Russia demands sample of nerve agent used to poison ex-spy after British PM Theresa May points finger at Moscow
Foreign minister Lavrov said Moscow would only cooperate with UK in investegation if it received a sample of the poison, which left a former double agent and his daughter in hospital
Moscow will only cooperate with Britain on the investigation into last week’s poisoning of an ex-Russian spy and his daughter if it receives samples of the nerve agent that is believed to have been used, the country’s foreign minister said on Tuesday.
Sergey Lavrov spoke in response to the British government’s demand for an explanation of the use of a military-grade nerve agent produced in Russia in the attack in the English city of Salisbury.
Lavrov told reporters on Tuesday that Moscow’s requests to see samples of the nerve agent have been turned down, calling it a violation of the Chemical Weapons Convention, which outlaws the production of chemical weapons.
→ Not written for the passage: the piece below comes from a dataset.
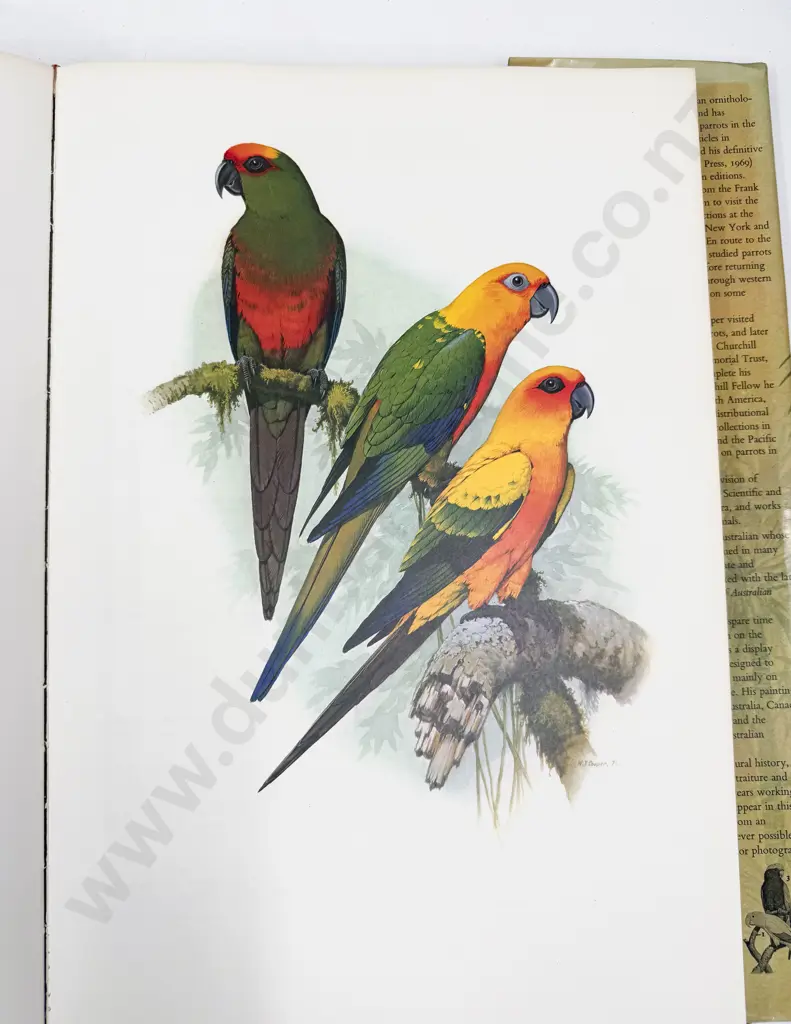 W T Cooper & J M Forshaw - Parrots of the World - First Edition Image 1++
He insisted that Russia is “not to blame” for the poisoning.
He said Moscow is willing to cooperate with the investigation but suggested that London would be “better off” complying with its international obligations “before putting forward ultimatums.”
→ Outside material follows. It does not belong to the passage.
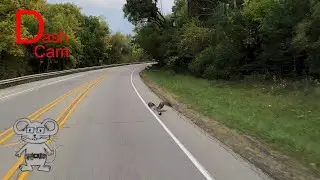 Hawk fly's and gets bumped by truck in 8K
Lavrov’s comments came after British Prime Minister Theresa May said Russia’s involvement is “highly likely”, with allies – including the US – backing the position.
She told British lawmakers that Moscow had previously used this group of nerve agents known as Novichok, had a history of state-sponsored assassinations and viewed defectors such as Skripal as legitimate targets.
“The government has concluded that it is highly likely that Russia was responsible for the act against Sergei and Yulia Skripal,” she said, giving Russia until the end of Tuesday (March 13) to explain its actions in the case.
If there was “no credible response” the UK will conclude it was “an unlawful use of force by the Russian State against the UK”, she warned, and pledged to outline a “full range of measures” in response on Wednesday.
The poisoning left 66-year-old Sergei Skripal and his 33-year-old daughter Yulia in critical condition.
May’s conclusion, based on assessment from the police and intelligence services, is leading to a major confrontation between Britain and Russia, which has taken an increasingly aggressive posture toward Europe in recent years.
The Daily Telegraph newspaper reported on Tuesday that Britain was consulting allies in Nato about possibly invoking its Article 5 principle of common defence.
Nato Secretary General Jens Stoltenberg said the incident was “of great concern” to the alliance.
“Nato is in touch with the UK authorities on this issue,” he added in a statement issued by his office Monday.
Foreign Secretary Boris Johnson said Britain is talking to its international partners about the situation.
“I’ve been encouraged by the willingness of our friends to show support and solidarity,” he said.
“I think in particular from President [Emmanuel] Macron of France, I talked to Sigmar Gabriel my German counterpart, and from Washington where Rex Tillerson last night made it absolutely clear that he sees this as part of a pattern of disruptive behaviour … malign behaviour by Russia … the support for the reckless use of chemical weapons which stretches from Syria now to the streets of Salisbury.”
US Secretary of State Rex Tillerson told reporters late on Monday that Russia’s actions would “certainly trigger a response”. He said it was “almost beyond comprehension” that a government would use such a dangerous substance in a public place.
“We agree that those responsible – both those who committed the crime and those who ordered it – must face appropriately serious consequences.
“We stand in solidarity with our allies in the United Kingdom and will continue to coordinate closely our responses.”
The chief of the world’s chemical weapons watchdog also said that those responsible “must be held accountable”.
In a speech Tuesday to the Executive Council of the Organisation for the Prohibition of Chemical Weapons, Director-General Ahmet Uzumcu said Johnson called him on Monday evening to tell him of the results of investigations.
“It is extremely worrying that chemical agents are still being used to harm people. Those found responsible for this use must be held accountable for their actions,” he said.
Skripal, a former Russian military intelligence officer, was convicted of spying for Britain and then released in a spy swap. He had been living under his own name in the small city of Salisbury for eight years before the attack without attracting any public attention.
Emergency workers in biohazard suits have been deployed to the normally quiet city as police investigate the attack with the help of Britain’s armed forces and its military research laboratory at Porton Down.
Pharmacology experts said Novichok, a broad category of more than 100 nerve agents developed by Russia during the late stages of the cold war, was “more dangerous and sophisticated” than sarin or VX.
“It causes a slowing of the heart and restriction of the airways, leading to death by asphyxiation,” said Gary Stephens, a professor at Britain’s University of Reading.
Britain had voiced its concerns about Russia still having such a biological weapons capability during a 2008 meeting in Paris of countries to discuss such threats, according to WikiLeaks cables reposted on Twitter Monday.
The BBC reported that investigators now believe the nerve agent may have been deployed in a powder form through the ventilation system of Skripal’s car.